Dengan kata lain, para Terdakwa ini tidak mungkin melakukan upaya makar dengan membentuk organisasi Kelompok Tani bernama Negeri Karunia Tuan Semesta Alam Nusantara yang bergerak dalam bidang pertanian, perikanan dan peternakan ini. Organisasi ini dibentuk bukan dalam rangka untuk menyaingi, mengkritisi ataupun menggantikan pemerintahan Negara ini. Terlebih lagi dalam fakta persidangan tidak ada saksi fakta yang menyatakan organisasi ini melakukan persiapan latihan militer atau pembelian senjata api. Selain itu, organisasi NKTN juga tidak memiliki potensi, kemampuan dan keahlian untuk menandingi eksistensi dari NKRI atau bahkan menggulingkannya.
Dakwaan dan tuntutan ini semakin tidak masuk akal karena di dalam fakta persidangan yang menghadikan saksi fakta dan saksi ahli tidak menunjukkan adanya unsur-unsur dakwaan. Para saksi fakta yang dihadirkan Jaksa Penuntut Umum tidak ada yang memberatkan para Terdakwa, apalagi saksi meringankan yang dihadirkan Penasehat Hukum. Bahkan dari pemeriksaan saksi ahli sejarah dan pemikiran agama, ahli antropologi agama dan ahli pidana menerangkan tidak adanya kesalahan (Mens Rea) maupun unsur perbuatan (Actus Reus) terhadap pasal penodaan agama dan makar dari para Terdakwa.
Proses persidangan telah berjalan sebanyak 23 kali selama hampir 4 bulan sampai dengan pembacaan pembelaan ini. Semua fakta persidangan sudah diuji dan diperiksa dalam majelis pengadilan yang mulia ini. Oleh karena itu, berdasarkan fakta-fakta di dalam persidangan dan pembelaan dari para Terdakwa maupun pledoi dari Penasehat Hukum, maka dakwaan dan tuntutan Jaksa Penuntut Umum harus DITOLAK.

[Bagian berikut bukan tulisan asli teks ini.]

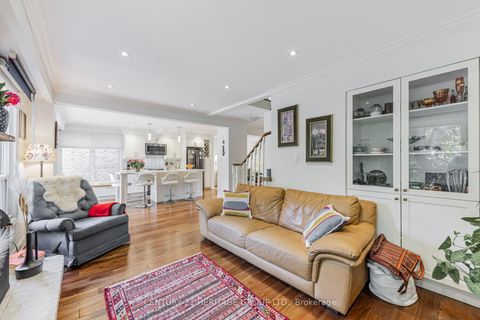 Photo 8 at 36 Hallmark Court, Yorkhill, Vaughan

Pasca pembelaan ini, bola bergulir kepada Majelis Hakim yang mulia. Replik dan duplik sudah disepakati bersama secara lesan untuk tetap pada tuntutan dari JPU dan tetap pada pembelaan dari Penasehat Hukum. Kini, semua warga republik ini menunggu keadilan dan kebijaksanaan dari Majelis Hakim yang mulai yang akan memutuskan dan mengadili perkara ini DEMI KEADILAN BERDASARKAN KETUHANAN YANG MAHA ESA pada hari Kamis tanggal 7 Maret 2017.

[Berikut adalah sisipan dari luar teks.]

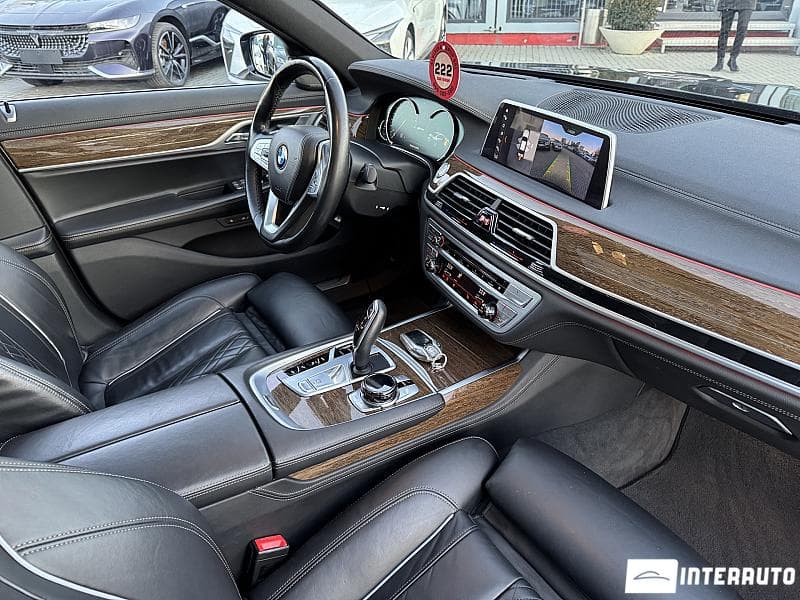 BMW 740e 2018 — Миниатюра 23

Para Terdakwa hanya memohon kepada Majelis Hakim untuk benar-benar adil dalam memutuskan perkara ini, terlebih lagi Hakim adalah Mandataris Tuhan YME di muka bumi, yang terikat dengan Sumpah dan Janji sebagaimana diatur dalam pasal 30 ayat (2) Undang-Undang Nomor 4 tahun 2004 tentang Kekuasaan Kehakiman. Kebenaran dan keadilan benar-benar sedang diuji dalam persidangan kasus penodaan agama dan makar yang sedang marak terjadi di Negeri Indonesia ini. “Bhineka Tunggal Ika Tan Hanna Darma Mangrwa, Berbeda-beda Tetap Satu dan Kebenaran Tidak Pernah Mendua”. Semoga Begitu.